Je demande à notre hôtesse où faire du cheval sur la lande et les tourbières. Le centre équestre est plus loin sur la route côtière, à Bettyhill. Nous voyons dans un jardin deux jeunes filles en train de bouchonner chacune une monture. Nous sommes au bon endroit, bien qu'aucune pancarte ne l'indique : le bouche à oreille doit bien fonctionner ici. L'une d'elle va chercher la propriétaire, une femme élancée aux cheveux blonds tressés, à fière allure dans son pantalon d'équitation. Malheureusement, les chevaux sont déjà réservés jusqu'à mardi (nous sommes samedi). Cela nous aurait bien plu, d'autant que les chevaux étaient calmes et qu'il n'y avait pas besoin d'avoir appris à monter préalablement.

Plutôt que de revenir sur nos pas, nous préférons longer encore un peu la côte jusqu'après Strathy pour redescendre ensuite sur Helmsdale et la côte est. Est-ce la fatigue de la route, ou l'accoutumance au paysage, nous trouvons ce trajet quelque peu ennuyeux et nous poussons un ouf de soulagement lorsque nous voyons la mer au port de Helmsdale. Nous nous serions bien arrêtés, mais la route ne s'y prête pas.
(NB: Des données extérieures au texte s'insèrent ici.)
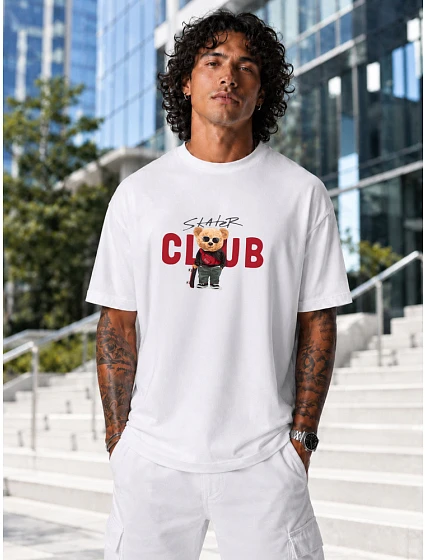 Tshirt męski oversize z nadrukiem bawełniany biały model 22216173 - FashionStreet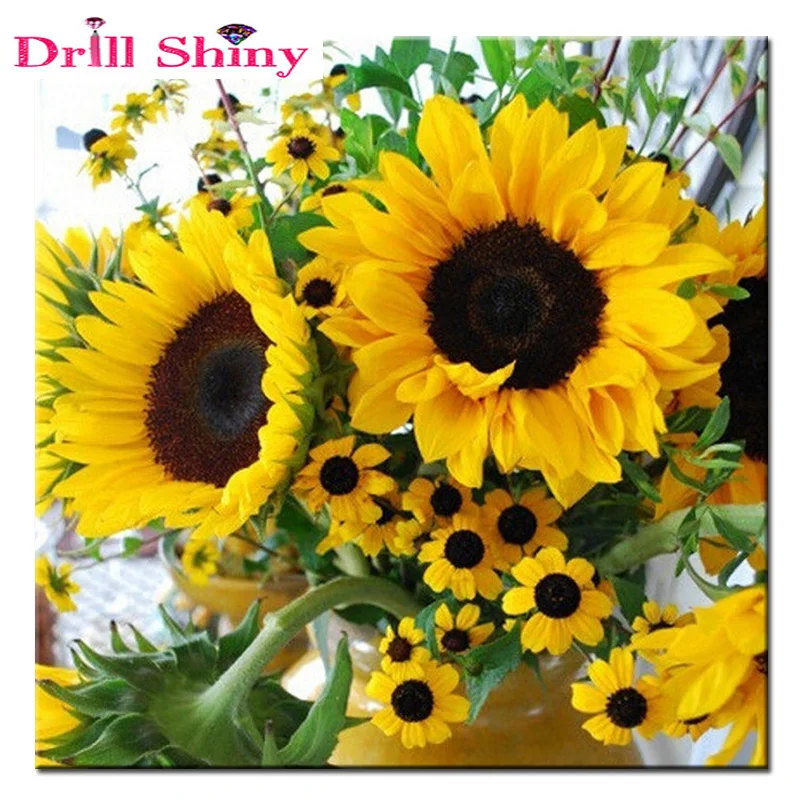 

Diamond embroidery flowers diy diamond painting cross stitch bead cross stitch square crystal diamond mosaic sunflower picture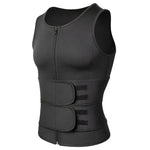 Black sleeveless compression vest with a front zipper and two wide adjustable waist straps that fasten with Velcro.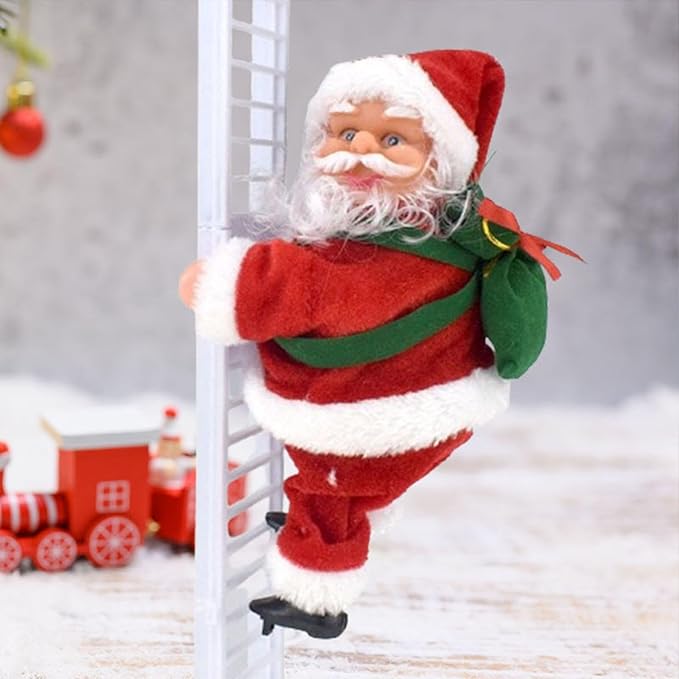 Electric Climbing Ladder Santa Claus for Xmas Ornament Christmas Decorations | 1 Electric Climbing Ladder Santa Claus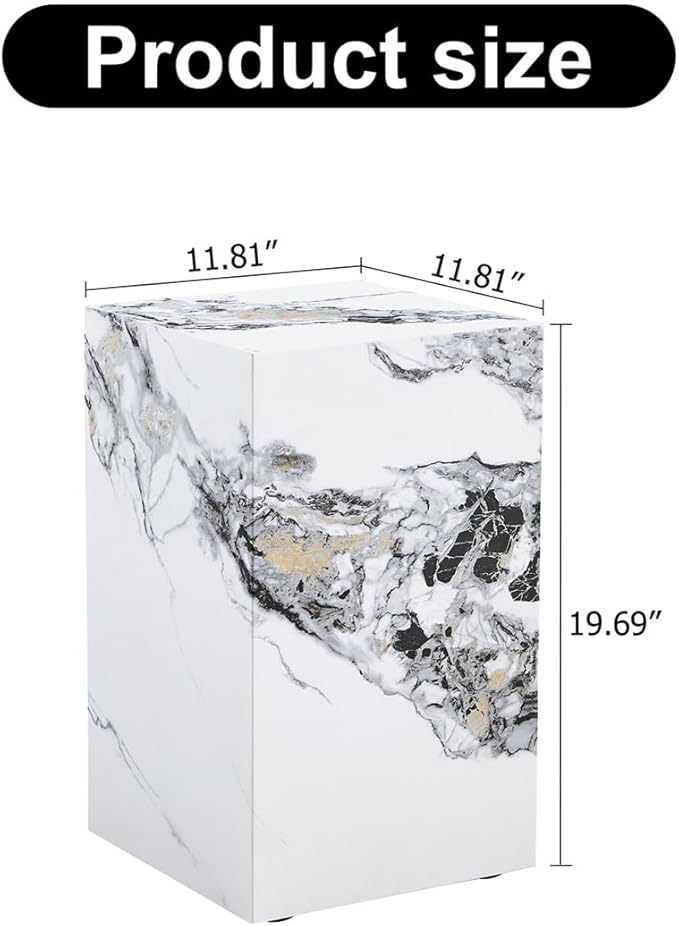 End Table, Side Table Living Room Table, Faux Marble Sofa Couch White Bedside Nightstand for Small Space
Nous faisons donc une pause à Brora, où nous achetons à manger comme d'habitude au bureau de poste et descendons marcher sur une plage à surfers, la première où nous voyons des vagues ! Sur le sable, nous découvrons deux squelettes d'oiseaux de mer, et des méduses échouées. Les rochers sont toujours couverts de ce varech brun clair, caractéristique des rivages écossais, et de quelques algues vertes. Un pilier de bois échoué porte encore sa charge de ces drôles de coquillage bivalves blanc-noir qui y sont fixés par un long corps souple.
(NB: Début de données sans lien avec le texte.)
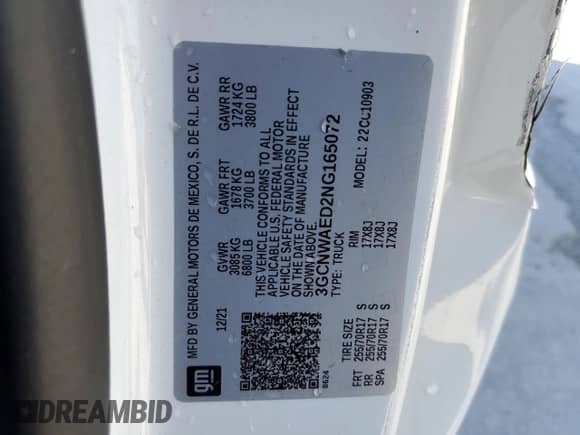 2022 Chevrolet Silverado 1500 Work Truck z VIN 3GCNWAED2NG165072, wystawiony jako Copart lot #49977855 z przebiegiem 29 435 mil mil oraz Szkoda całkowita • Salvage title. Historia ofert i sprzedaży dostępna na DreamBid. Obrazek 12.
Quelques miles plus loin, nous décidons de pique-niquer. La mer paraît proche, mais la voie ferrée nous en barre l'accès. Nous prenons une petite route au hasard sur notre gauche et débouchons dans la cour d'une ferme où nous devons faire demi-tour au milieu des aboiements réprobateurs d'un chien. Nous contournons une petite église isolée au milieu de la campagne et passons par un tunnel sous la voie ferrée pour déboucher sur un rivage rempli de camping-cars et caravanes, jusque là invisibles. L'herbe s'arrête brutalement à 3 mètres de l'eau et nous sautons du talus sur le sable fin. Il fait très chaud. C'est la première fois que nous avons réellement une température estivale, et cela me dérange presque... je m'étais habituée à la fraîcheur. Les petits Ecossais pataugent gaiement dans l'eau peu profonde mais, lorsque nous nous en approchons une fois rassasiés, nous découvrons quantités de petites méduses en suspension ou échouées sur le sable humide. Apparemment elles ne doivent pas être très dangereuses puisqu'aucun des baigneurs ne ressort de l'eau en hurlant ni couvert de rougeurs, mais quand même, malgré la chaleur, nous ne sommes pas très inspirés pour nous y plonger. En plus, il y a plein d'algues flottantes, ce n'est pas très ragoûtant. Pendant que les enfants et moi examinons la mer, J-L s'est installé pour lire et resterait bien un bon moment. La côte est rectiligne, plutôt monotone, avec sa bande étroite de sable, la voie ferrée, la route et une ligne de collines qui forment quatre lignes parallèles : rien à découvrir, pas de mystères, le soleil cru éclaire toutes choses. Je préférais le paysage tout en nuances des lochs et des firths sous le ciel mouvant.